As late as 1987 R.E.M. sang “It’s the End of the World as We Know It (And I Feel Fine).” Jesus Jones reached the top of the charts in 1990 with his anthem “Right here, right now, there is no other place I wanna be.” How is it possible that by 1992 everything had changed? That’s what Craig Schuftan’s Entertain Us is all about. At least I think it is. The “story” of alternative rock is told by Schuftan chronologically, jumping from artist to artist, each after just a few pages and without any segue as the discussion moves from Nirvana to Blur to the Riot Grrrl movement to Urge Overkill. There are probably dozens of books that could be spun off from individual chapters in Entertain Us (and, in fact, there are of course books just about the Seattle scene, or Lollapalooza, or Riot Girrl, etc.). Schuftan has struck gold, but he doesn’t do a very good job of mining it. For example, he writes a chapter about how different sensibilities of irony – American vs. British primarily – shaped the music of bands like Pearl Jam and Blur. Developed properly, this could have been an entire book, or at least a major section of one comparing music from the different sides of the Atlantic. (After the rise of the rock star who didn’t want to be a rock star, American alternative music vs. Britpop is the second-most prominent theme in the book. Third is women’s place in rock music. Fourth is the true meaning of authenticity. Fifth is … well, you get the idea.) But before we can delve too far into this we are into the story of Kurt Cobain’s suicide and the music world’s reaction to that. And so on. You can tell that the author is extremely bright. It’s almost as if he has too much to say. Unfortunately, by telling us everything he risks saying nothing. (There’s a half-chapter where Schuftan talks about Rage Against the Machine and Marxism. It comes from out of nowhere and isn’t mentioned again. This is absolute gold, and one of the many wasted opportunities to tell a deeper, more interesting story.) Honestly, there is so much here to like – I felt that if Schuftan had just stuck with a subject, any subject, just a little longer it could have paid off so much more.

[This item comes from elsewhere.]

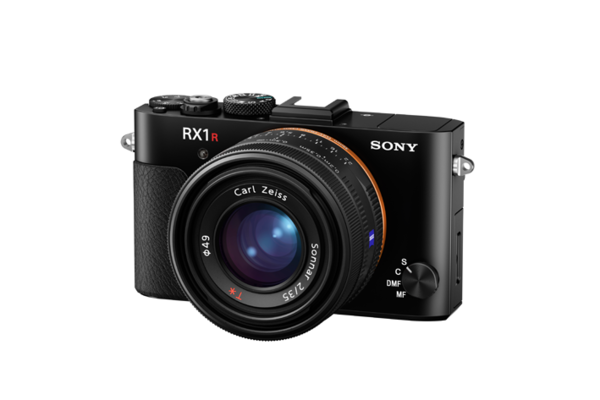 【pconline 点评】索尼上周推出了黑卡™全画幅便携相机rx1r的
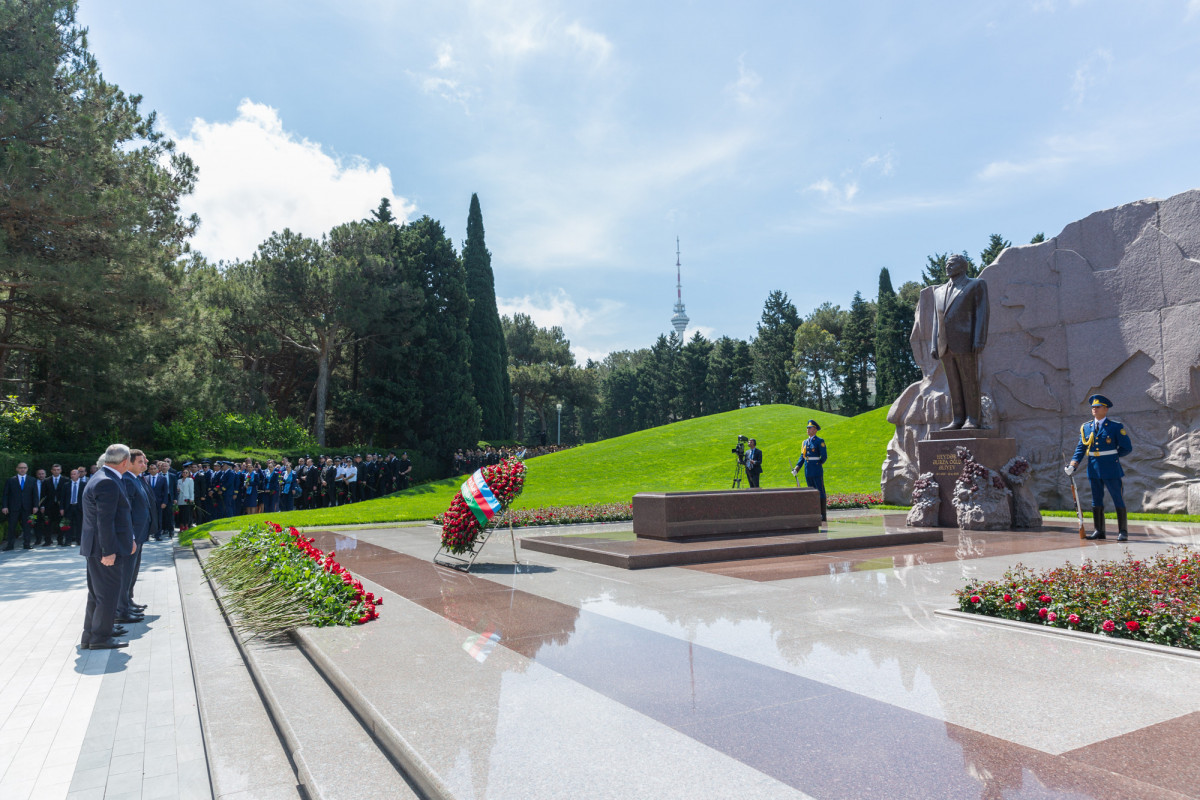 AZAL staff pays tribute to the memory of the Great Leader Heydar Aliyev -PHOTO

As an aside, one frequent complaint of this book is the way Schuftan quotes so extensively from other sources – it’s almost like an oral history cobbled together from magazine articles and other assorted first-hand accounts. That aspect of the book doesn’t bother me at all. I actually highly enjoy this method of story-telling; there is no reason to re-write that which has already been said better by others. But with this style of writing comes an even greater responsibility to form strong opinions and organize one’s thoughts into consistent and coherent messages. Schuftan doesn’t do that to the extent I would have liked. Entertain Us is highly thought provoking, but doesn’t do the extra work of actually thinking itself. It is, however, a worthwhile read for a broad overview of the time – the sheer volume of compelling information (some of which I’ll hopefully retain) about 1990s music and culture is astounding – it’s gold – assuming you actually care about that sort of thing.